We investigate thermal transport of supported few-layer 2D materials by the Joule self-heating method, which has been probed as a reliable approach for metallic nanowires.
We have used this approach in the case of graphene nanowires of 300 nm width and few µm long in the high-temperature range (400 K < T < 500 K), which is less explored in literature [4]. The case of graphene is particularly intruiging. Graphene is one of the most-studied 2D materials, it has high mobility and a large Seebeck coefficient [5,6], as well as very high thermal conductivity, reaching values up to 5000W/m K [7] when suspended.
By using a thick and rough oxide layer, we have found that thermal losses through the substrate are reduced by almost 1 order of magnitude with respect to the expected theoretical values. Most importantly, we have unveiled an effective reduction of the thermal conductivity, with values as low as 40W/m K, comparable to reported values for only supported graphene nanoribbons. Such a reduction can be induced by increased phonon scattering with the substrate and impurities in the system, which is inherent to the device fabrication. The used method is valuable for the substrate-supported sample configuration, which is a realistic one.

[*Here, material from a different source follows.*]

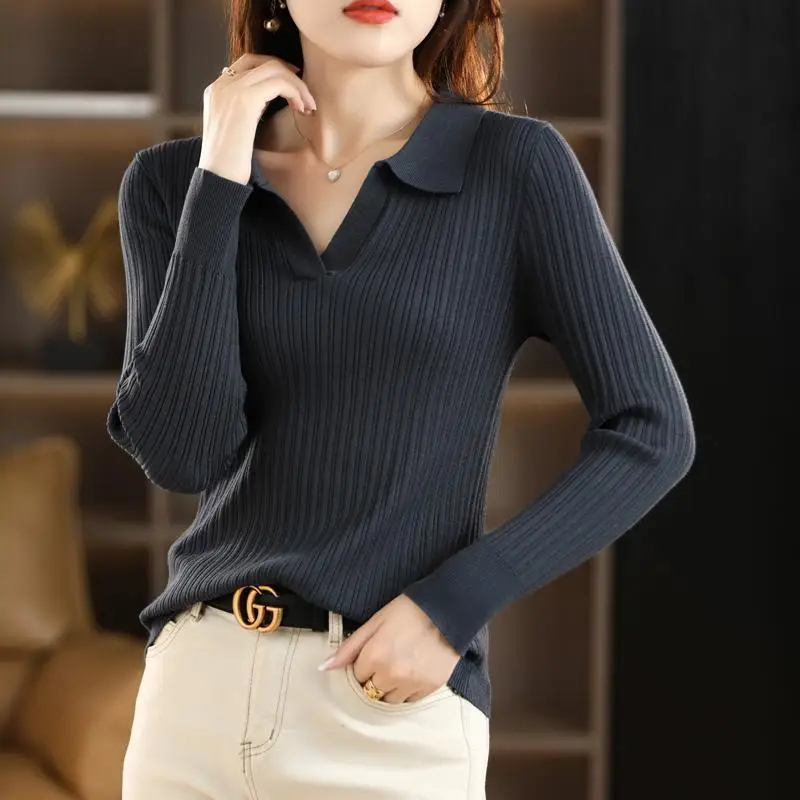 Spring and Autumn Women\'s Solid Polo Neck Long Sleeve Slim Knitted Sweaters Jumpers All-match Fashion Casual Office Lady Tops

Our findings should stimulate research on alternative solutions for energy conversion at the nanoscale using graphene and other 2D materials when deposited on substrates.

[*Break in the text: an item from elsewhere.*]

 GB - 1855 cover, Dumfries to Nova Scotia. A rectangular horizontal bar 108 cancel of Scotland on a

Fig. 1 : a) Scheme of a device based on a graphene nanowire. b) Optical image of the graphene flake before the etching defining the nanowires (mask in red). c) Thermal conductivity of graphene multilayer (10 layers) nanowires on substrate as function of temperature. The inset shows the temperature dependence of the thermal conductivity k following the Callaway model by increasing scattering with impurities.